* [YOUR OBJECTIVE] In the copy, keep every word of the data below and none of its pictures.

(Crawled caption data)
++++

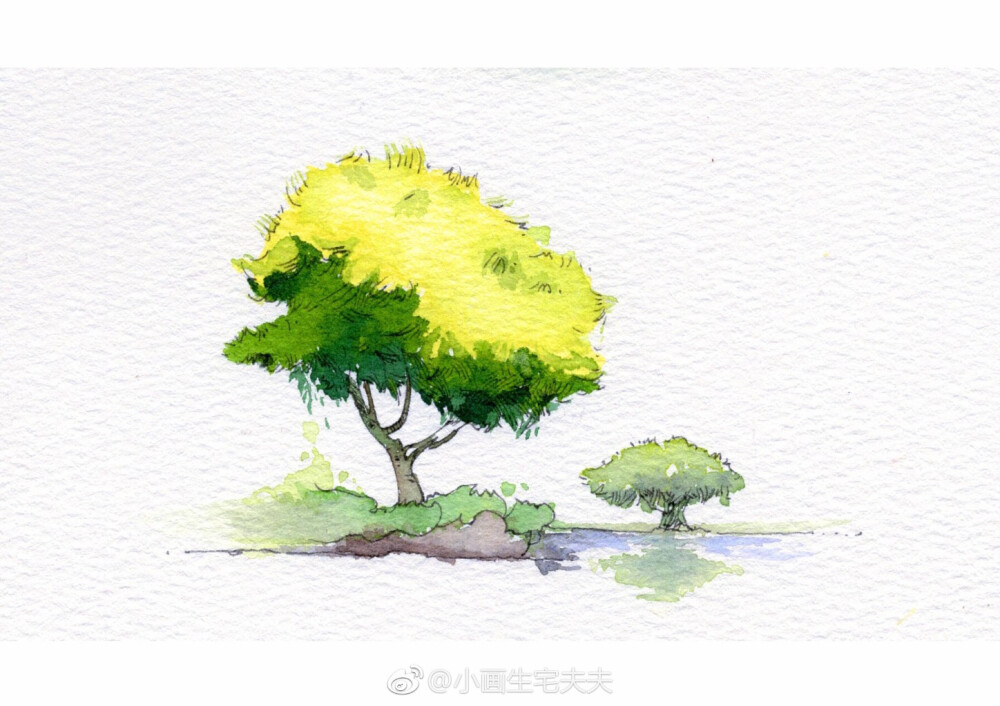 【钢笔淡彩教程】
九种植被表现方法分享给大家~
△ 画笔：马蒂尼松鼠毛
△ 颜料：荷尔拜因、史明克
cr:@小画生宅大夫
#手绘##钢笔淡彩##水彩##宅涂钢笔淡彩课程##跟着宅夫夫每日一画##宅在家里画手绘# ​​​​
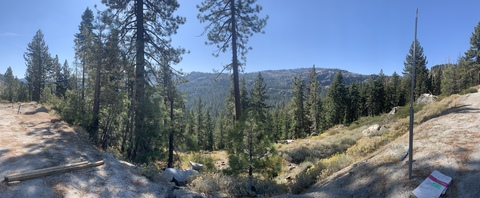 TrippyHippy @trippyhippy cover picture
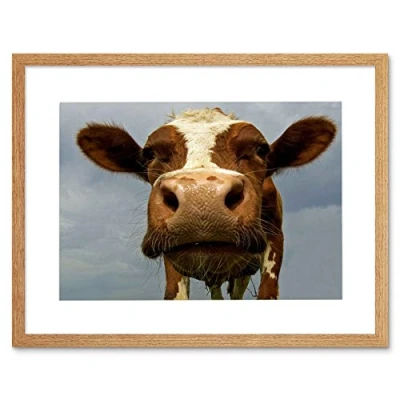 Image of Wee Blue Coo Funny Cow Farm Animal Close Up Photo Framed Wall Art Print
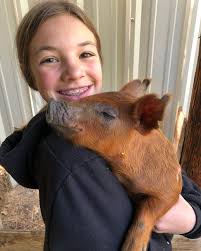 EmmaLee and her new friend “Fatty Patty!” #pig #pigsofinstagram #feederpigs  #bacon #homegrownfood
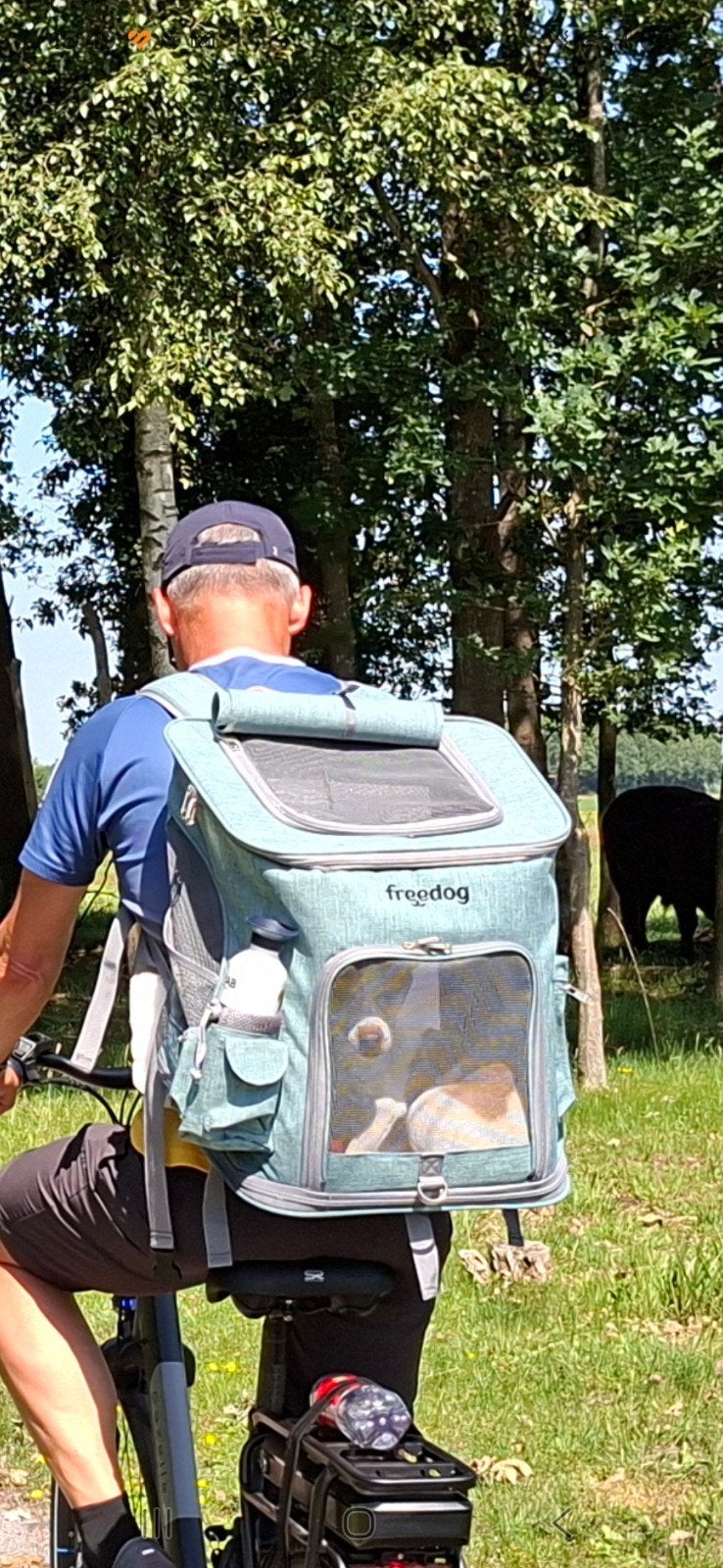 Rugzak hond, Ophalen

++++

* [OUTPUT FOR THIS TASK]
 【钢笔淡彩教程】
九种植被表现方法分享给大家~
△ 画笔：马蒂尼松鼠毛
△ 颜料：荷尔拜因、史明克
cr:@小画生宅大夫
#手绘##钢笔淡彩##水彩##宅涂钢笔淡彩课程##跟着宅夫夫每日一画##宅在家里画手绘# ​​​​
 TrippyHippy @trippyhippy cover picture
 Image of Wee Blue Coo Funny Cow Farm Animal Close Up Photo Framed Wall Art Print
 EmmaLee and her new friend “Fatty Patty!” #pig #pigsofinstagram #feederpigs  #bacon #homegrownfood
 Rugzak hond, Ophalen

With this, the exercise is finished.